Pelo contrário, não se pode deixar de considerar que subjaz em boa parte das
posições conservadoras ou reacionárias princípios que, muitas vezes, estão mais
próximos do secularismo do que da própria religião. Nestes casos, a
religiosidade é vista como algo assaz distante do conhecimento
científico-filosófico e amiúde associada a valores anacrônicos à sociedade
atual. Mas isso é apenas uma caricatura grosseira que, de um lado, vincula
a religião ao obscurantismo e, de outro, enxerga o saber científico-filosófico
como um conhecimento privilegiadamente racional. Com isso, muitos religiosos
vestem a carapuça criada pelos seus próprios detratores, ao ver a si mesmos
através de preconceitos seculares. Sem, no entanto, considerar que fé e razão,
por meio de um esforço cognitivo e prático, poderiam se complementar de forma
mútua.
A razão dessa caricatura
grosseira prevalecer - esse crente existencialmente cindido entre sua fé e seu
lado racional - é que culturalmente aceitamos que os produtos da razão humana
quase sempre contradizem o que diz a religião e pouco nos preocupamos em formas
de conciliação entre ambas. Pessoas religiosas, assim como não-religiosas, nem
sempre têm condições de estarem imunes a essas narrativas tão amplamente
difundidas. Não obstante, a história nos ensina que a fé desamparada de
bases racionais amiúde abre espaço para posições fundamentalistas; ao passo que
a razão impetuosa, fria e calculista, leva os seres humanos a cometerem
atrocidades tão vis quanto a que vemos hoje em dia por parte de grupos
fanáticos e extremistas.

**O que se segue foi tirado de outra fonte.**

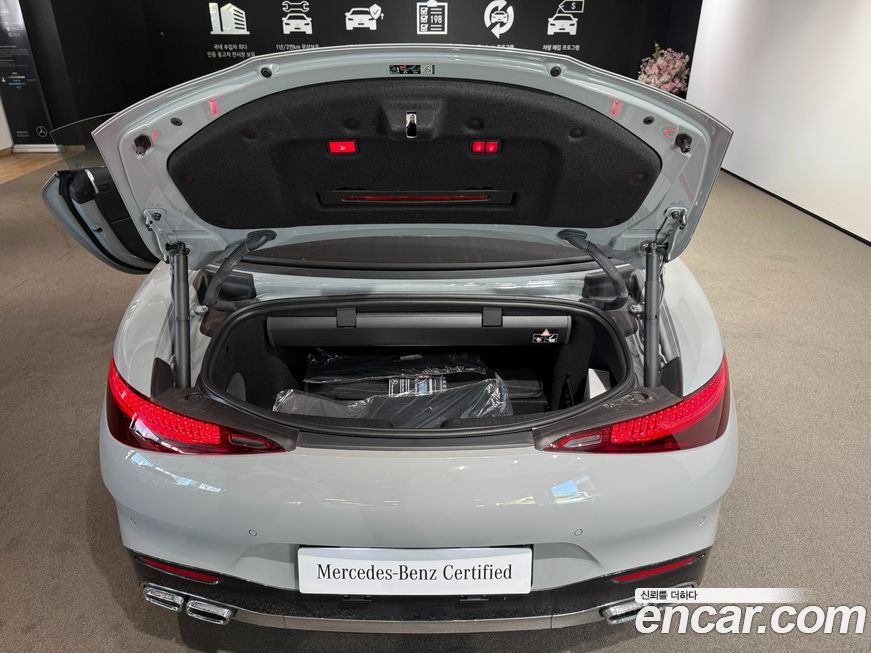 Mercedes-Benz SL-Class 2025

Portanto, onde as contradições entre fé e razão
são quase sempre agravadas e reforçadas, onde posições preconceituosas e
intolerantes proliferam de modo a não só contaminar o debate público, mas
também o próprio bem-estar social, é sempre importante que estejamos bem
precavidos para buscarmos meios de mitigar a fé com base na razão e
vice-versa.
Dentre outras coisas, isso significa evitar seguimentos ou grupos
sectários na internet que aparentemente defendem aquilo que acreditamos, mas
sem qualquer crivo, base factual ou refinamento argumentativo. Por conseguinte,
é preciso sopesar que, naquilo que compartilhamos em nossos grupos sociais, não
esqueçamos que a verdade é um valor fundamental que não pode simplesmente ser
escapado por nós. Não estou evidentemente me referindo aos que afirmam
dogmaticamente suas respectivas crenças ou valores como se fossem verdades
absolutas, mas sim aqueles que recorrem à razoabilidade da dúvida e a um certo
ceticismo sempre que necessário - e, portanto, ainda presam e zelam, de fato,
pela verdade.
Há muita fé no ato de ver o mundo como o ele é, dispensando o viés das nossas necessidades emocionais, como faz um racionalista. Há muito desespero na fé de quem precisa romper com o mundo e criar uma outra realidade para para habitá-lo. A existência segue repleta de contradiçoes e rupturas para ambos.